For safe road mobility OFFIS supports the testing of assistance systems such as emergency brake or lane-keeping assistants. Classical test methods require several hundred million kilometres to be driven. Together with leading automotive manufacturers, suppliers and research institutes, OFFIS works on developing new safety verification processes in various projects.

New assistance systems for the road

ifak is also working intensively on the development of new road assistance systems, as in the Fast Traffic project, in which networking vehicles with each other and with infrastructure is being researched and tested in real time. This is expected to result in a massive increase in safety in road traffic. The Sirene project pursues a similar goal, in which ifak is working with several partners towards solutions which would bring police and fire services quicker to their destination. This works using a combination of different instruments, including a navigation system specifically for emergency vehicles. The rollout of the new information technology for emergency responders will be achieved using so-called car to X technologies. These will enable vehicles to exchange data with each other. In the project this happens through a new WLAN standard and mobile communications. The ‘X’ in car to X refers to the fact that not only cars, but also other objects, e.g. traffic lights, participate in the information exchange.

A new two-wheeler for older people

The institutes of the Zuse Association are not just engaged in the automotive, air and maritime transport areas for new mobility, but also in research on two-wheeled vehicles. The Institute of Mechanical and Plant Engineering Chemnitz (ICM) demonstrates with the Innvelo Two electric scooter, brought to market by partners, how environmentally-friendly mobility can simultaneously provide greater quality of life in senior years. The electric scooter is particularly suited to older people who no longer wish to ride a bike but would also rather leave their car in the driveway. The two-wheeler, which was developed by ICM researchers in cooperation with their partners, is specifically conceived for use in city centres and surrounding districts.

Synthetics for comfort and design

Researchers from the Würzburg Kunststoff-Zentrum (SKZ) have created an innovation in cycling comfort. The SKZ, together with the Glenpro company provide the perfect bike seat, in which a bionic structure is transferred to the synthetic component. The result is a personalised bike saddle. The individual sitting surface and weight of the cyclist are factored in by means of a virtual data model. This results in an optimally-formed bike saddle. The first saddles have already been manufactured and successfully tested. The SKZ manufactured the bike saddle on a laser sinter installation, where the plastic powder polyamide is melted on in layers by laser. Subsequent dyeing enables colour coordination with the bike.

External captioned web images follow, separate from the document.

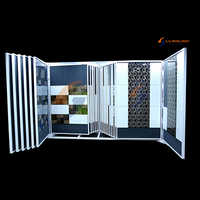 Steel Wall Tiles Bombay Rotary Display Stand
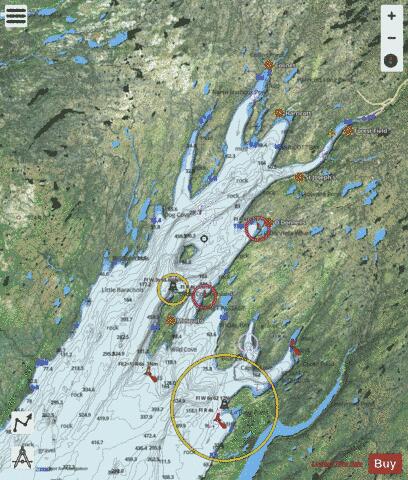 Head of / Fond de St Mary's Bay Marine Chart - Nautical Charts App - Satellite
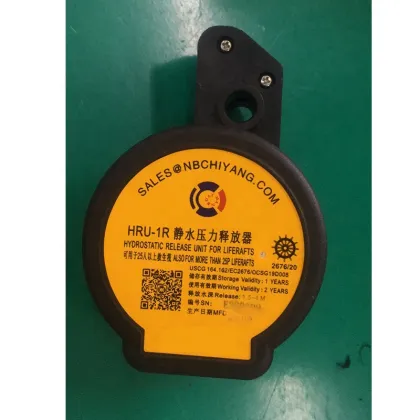Hydrostatic Release Unit (HRU) for Life Rafts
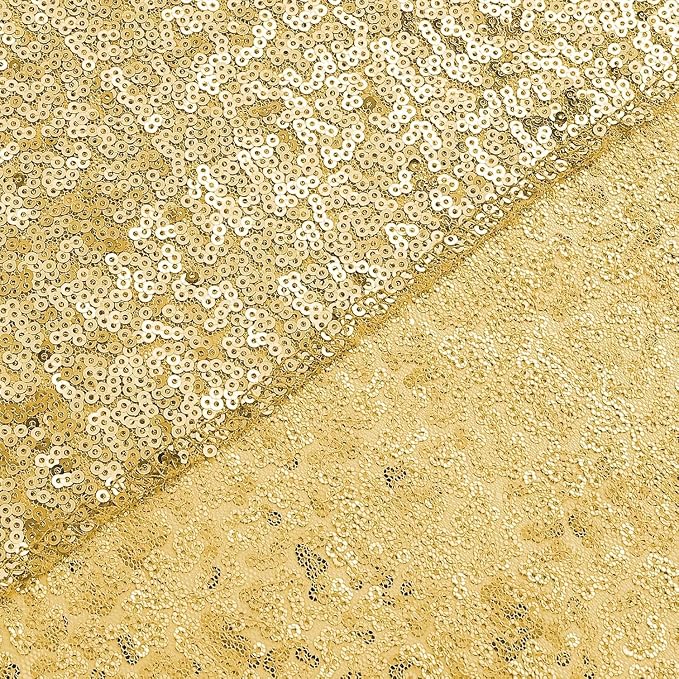 Sugargirl Gold Sequin Backdrop Curtain 6 Panels 2FTx8FT Glitter Gold Background Drapes Sparkle Photography Backdrop for Party Wedding Birthday Wall Decoration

In terms of technology, the institutes of the Zuse Association have a green light for further projects with partners from the industrial and scientific sectors, making their contribution to innovative solutions for the mobility of tomorrow. However, the institutes are currently still constrained on the federal level. The core demand of the Zuse-Gemeinschaft in its fourth year of existence is: better support by the federal government for research institutes organised by private companies.

Specifically the research association wants its own budget title for the institutes, where there is a lack of institutional funding on a federal level. Mobility research in different sectors of the Zuse Association would also benefit from this, whether in materials engineering, production technology or information technology. “With around 6,000 staff, of which about 4,800 work in research and development, the institutes of the Zuse Association are a guarantor for innovation. The strength of the Zuse institutes lies in the efficient transfer of research into concrete new products, technologies and services”, says the President of the Zuse Association Dr, Ralf-Uwe Bauer, explaining the reason for the funding request. For the current legislative period, in which the transfer of research results is emphasised in the coalition agreement of the CDU and the SPD, the Zuse Association has therefore still a lot planned.